Seattle is first US city to ban caste-based discrimination, but activists aren’t stopping there

Seattle took woke one step further on Tuesday, going in search of a non-existent problem by becoming the first US city to ban discrimination based on a caste system that is prevalent in India but not here.

(Video Credit: KING 5 Seattle)

The Seattle City Council voted 6-1 to add caste as a protected category under its anti-discrimination laws, according to Fox News. The move was pushed by a socialist.

Activists on different sides of the issue began arriving in Seattle well ahead of the city council meeting. As early as last week, over 100 people had put in requests to speak at the meeting, according to Fox13.

Kshama Sawant, who is a member of the Socialist Alternative Party and is the only Indian American on the Seattle City Council, put out a petition before the vote that asserted “caste discrimination remains a largely hidden and unreported issue.”

“Caste discrimination is a widespread and increasingly grave contributor to workplace discrimination and bias faced by South Asian Americans and other immigrants—not just in other countries, but here in Seattle and across the United States,” the petition claimed.

“The fight against caste discrimination is deeply connected to the fight against all forms of oppression,” Sawant said according to Reuters.

“Caste discrimination doesn’t only take place in other countries. It is faced by South Asian American and other immigrant working people in their workplaces, including in the tech sector, in Seattle and in cities around the country,” Sawant declared when her office introduced the proposal to ban caste-based discrimination in Seattle.

A caste system is something that has never been an issue here in the United States. It’s a practice that dates back thousands of years in India, cementing an individual in a social class by birth.

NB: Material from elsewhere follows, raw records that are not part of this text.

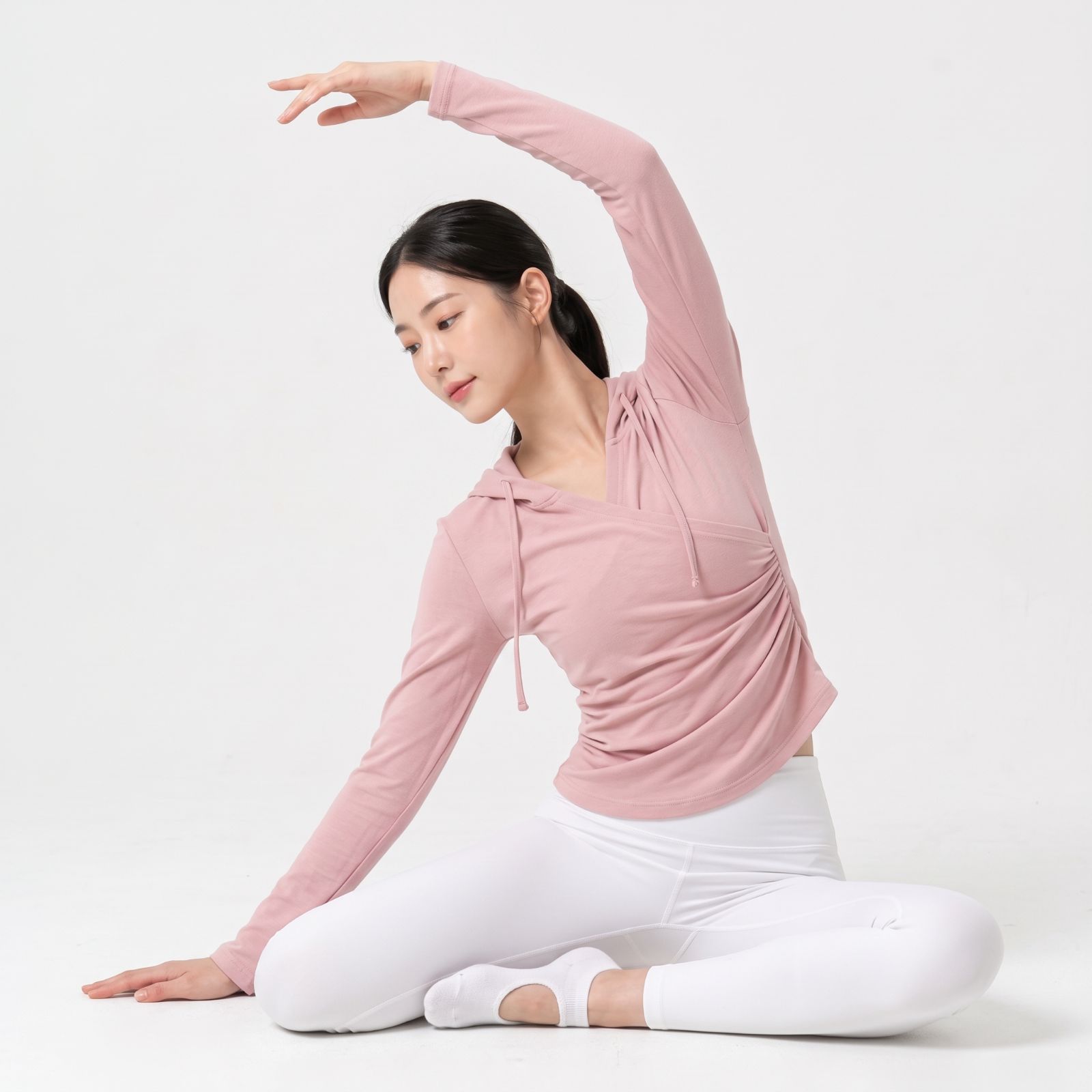 AVELINE WRAP HOODIE TOP DUSTY
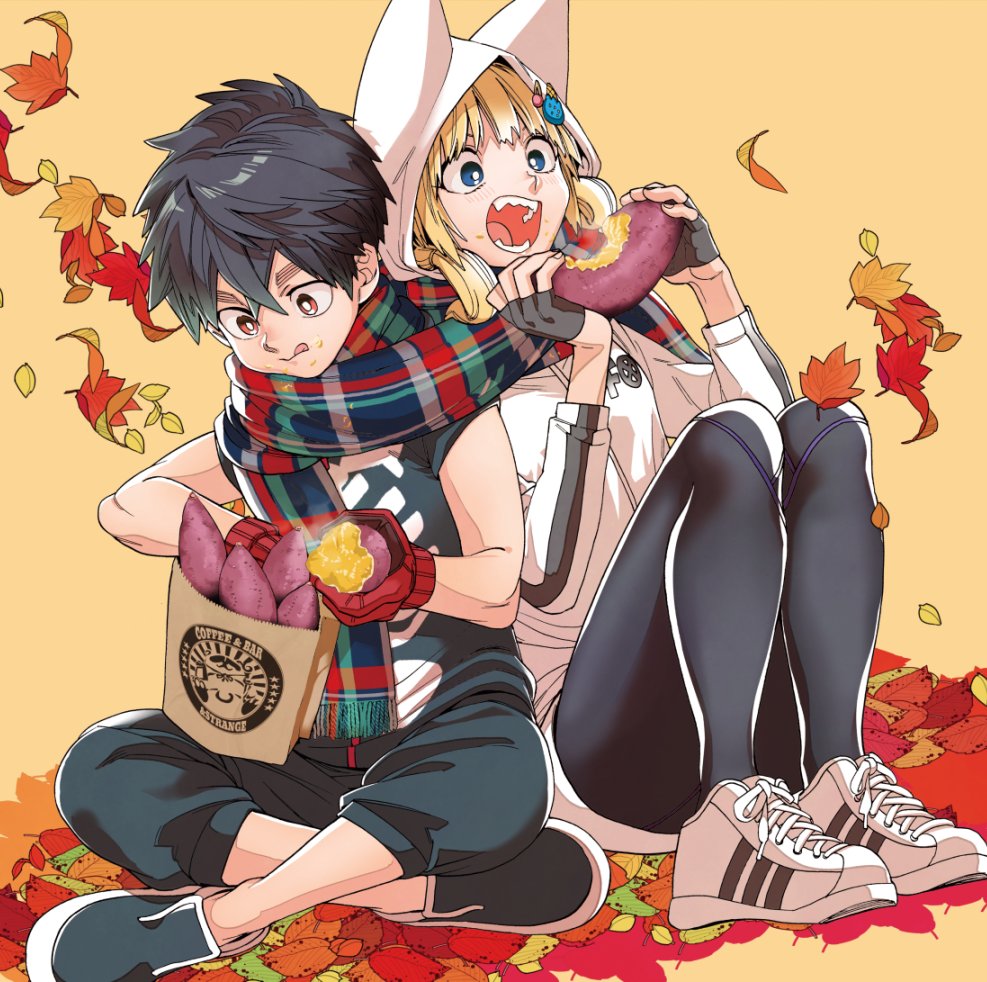 1boy, 1girl, aimoto_shou_(artist), animal_hood, black_hair, black_leggings, blonde_hair, blue_eyes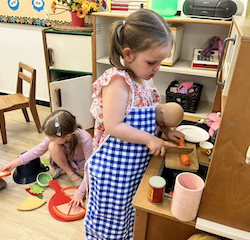 Chef Vivienne busy in the kitchen.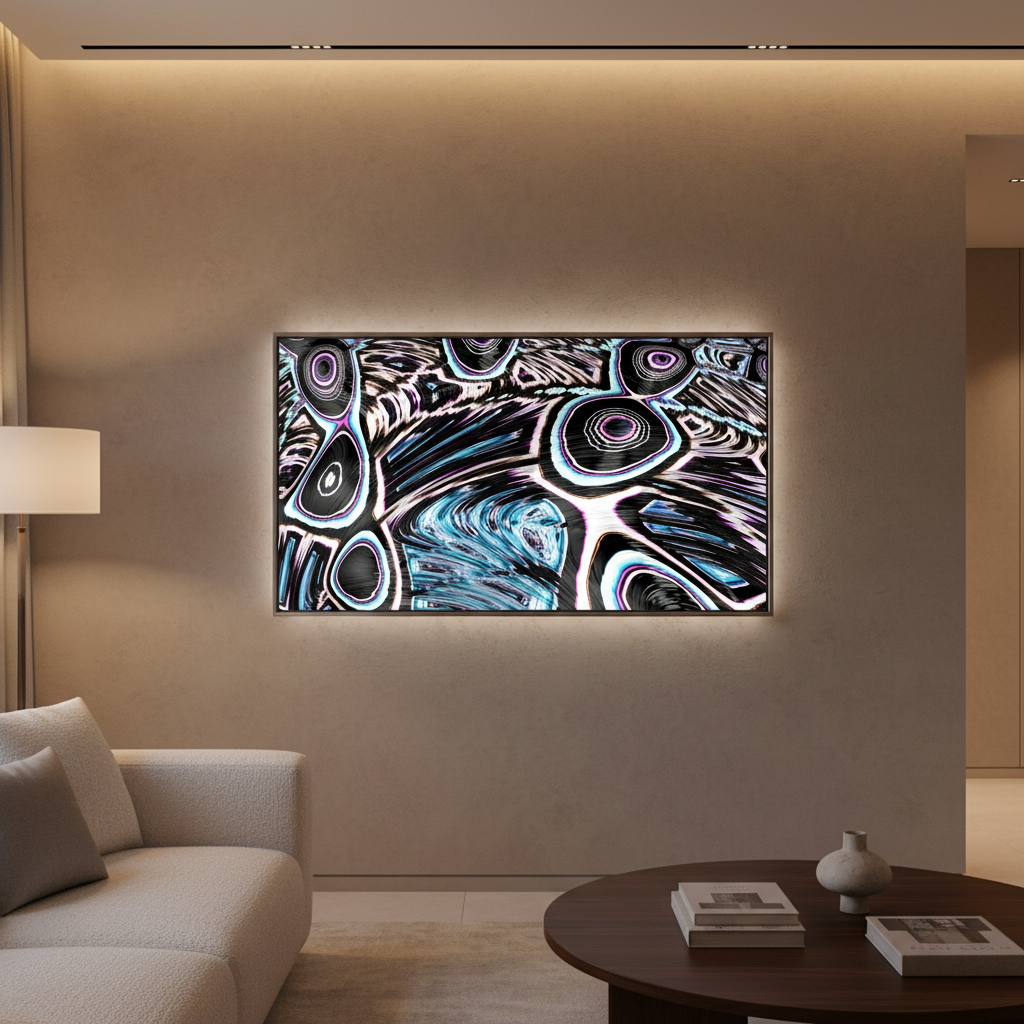Modern living room with a large abstract digital artwork in digital frame on the wall.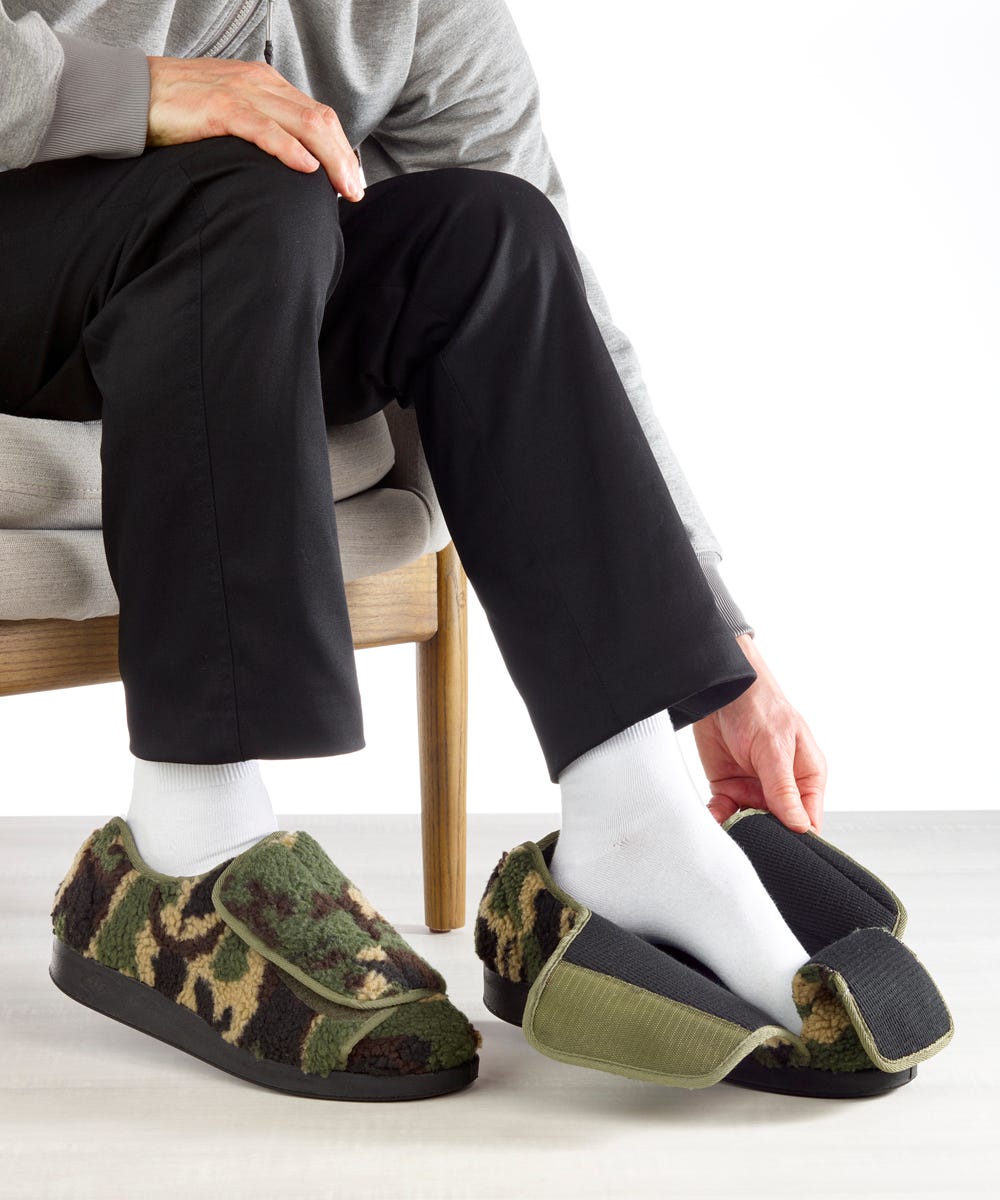 Men’s Slippers with Easy Closures – Adjustable Fit (Regular to Extra Wide) - Silverts 13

Even there, discrimination over the caste system was banned in 1948.

The majority of the affected communities live in or originate from South Asia, including India, Nepal, Sri Lanka, Bangladesh, and Pakistan, where many are known by the self-chosen identity of ‘Dalits,’ which means ‘those who have been broken but are resilient’ and others are indigenous or indentured community members,” the ordinance that was passed contends.

“Dalits” were also known as the “untouchables.”

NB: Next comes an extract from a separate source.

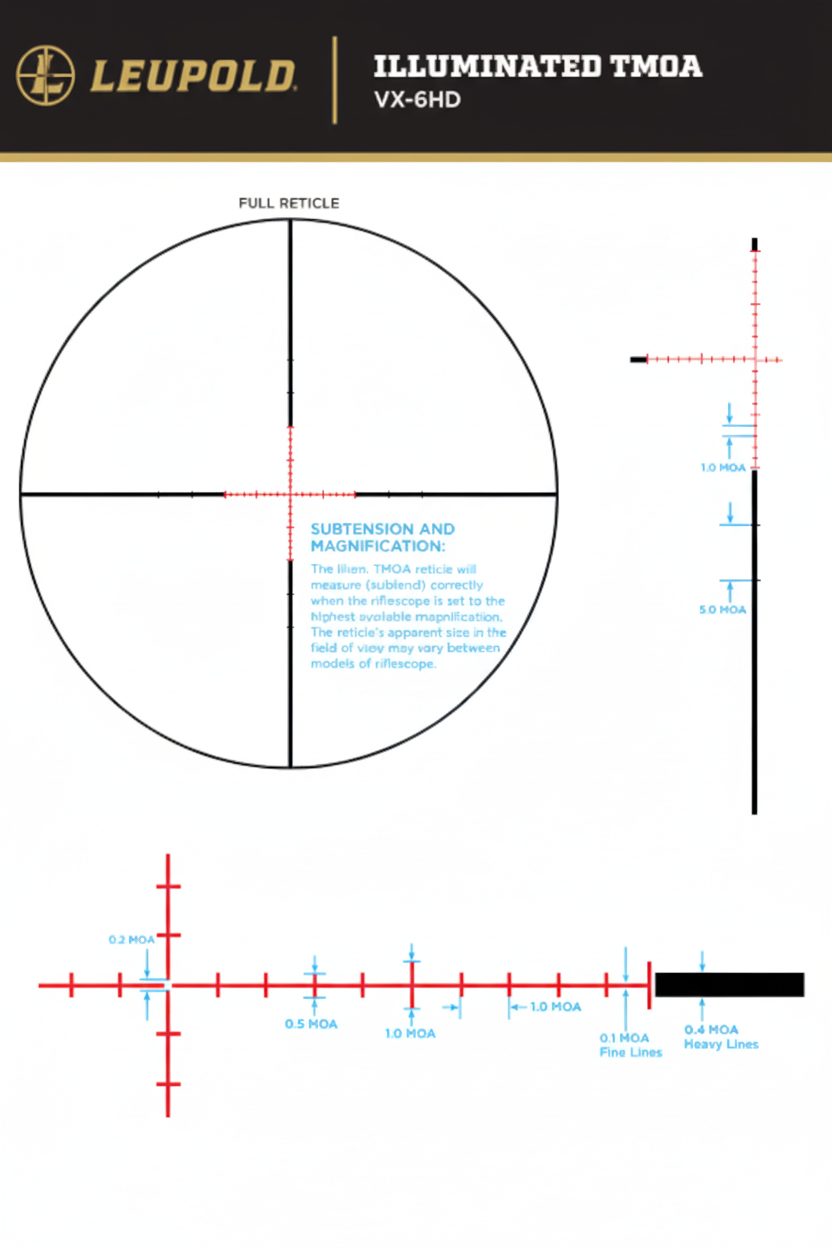 Reticolo T-MOA illuminato Leupold VX-6HD — visibilità ottimale in ogni condizione di luce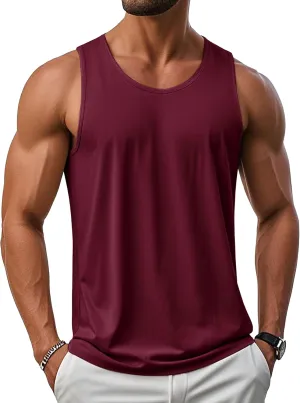 MAGCOMSEN Men's UPF 50  Tank Top Gym Workout Sleeveless Muscle Shirts Sun Protection Cut Off Shirts Summer Sleeveless T Shirt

The passage of the ordinance was met with intense pushback from Seattle residents. The Hindu American Foundation argued that a yes vote amounted to “discriminating against ethnic minorities.”

“Throughout our two decades of existence, HAF has maintained that caste discrimination is wrong, violating core Hindu principles of the divine oneness of all beings,” Hindu American Foundation Executive Director Suhag Shukla remarked in a statement. “At the same time, we maintain that the singling out of South Asians and addition of ‘caste’ to non-discrimination policy violates the very policies it now amends.”

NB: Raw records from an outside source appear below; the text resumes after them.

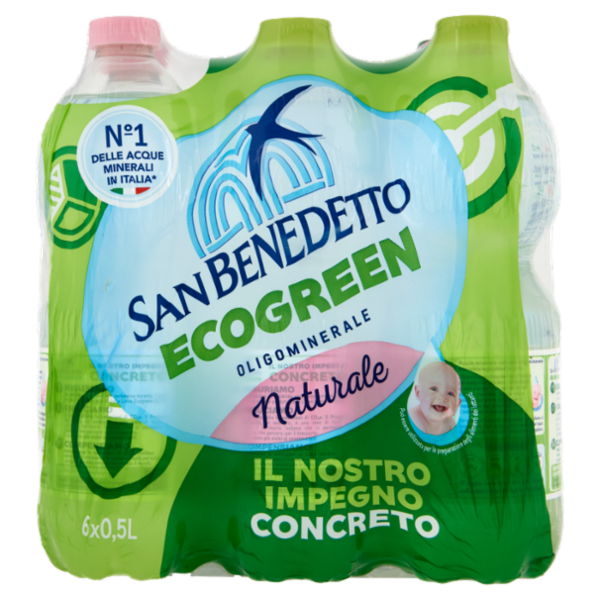 San Benedetto Acqua Naturale Popoli Terme Ecogreen 6 x 0,5L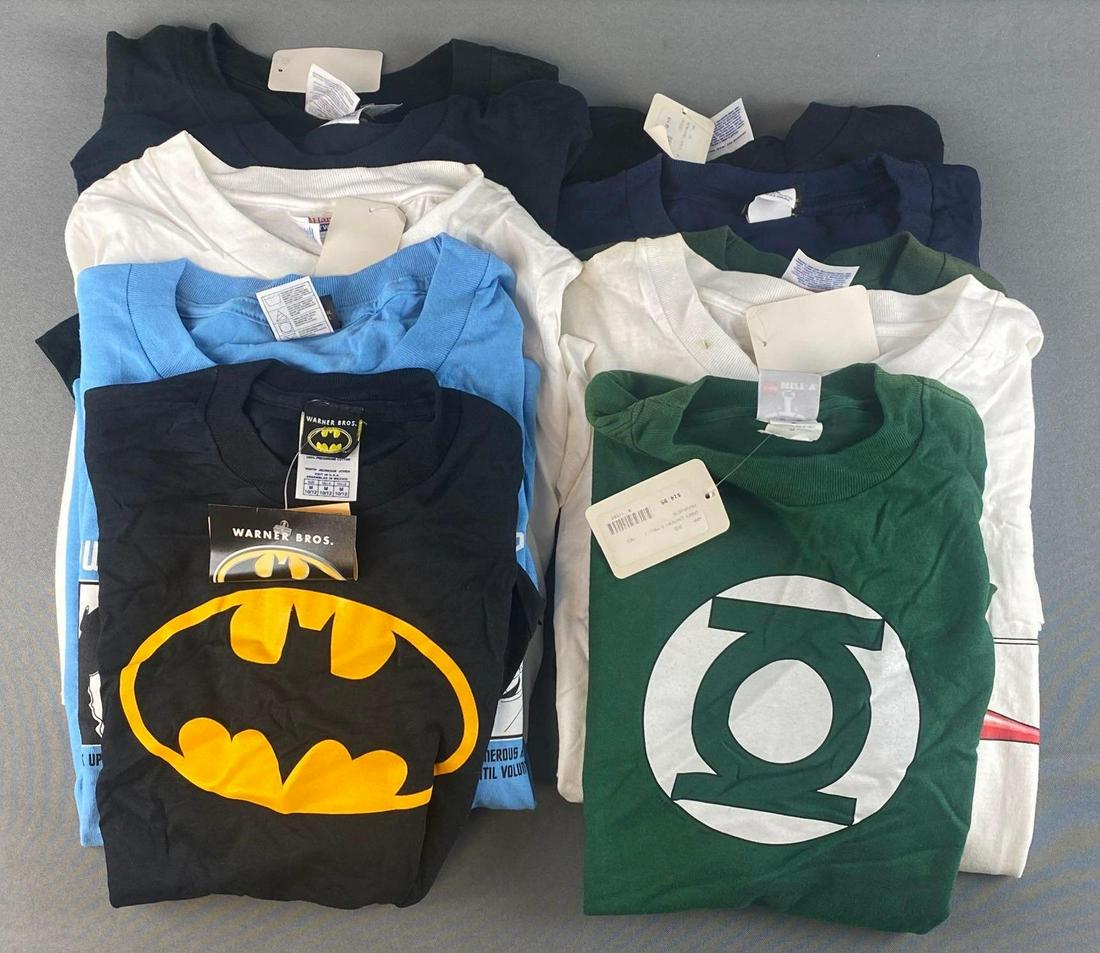 Group of 10 Superhero T-Shirts: Sizes S, M, L, XL. Includes Batman, Star Trek, Electra, etc.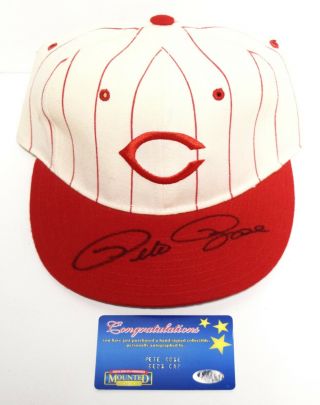 Pete Rose Signed Cincinnati Reds Pinstripe Hat Cap Mounted Memories Ag3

Caste discrimination has been added to anti-discrimination policies at a number of colleges across the US, including the California State University System, Colby College, Brown University, and Brandeis University.

Sawant declared the passing of the ordinance as a “historic, first-in-the-nation ban” that will hopefully spread across the nation.

“Now we need to build a movement to spread this victory around the country,” she tweeted.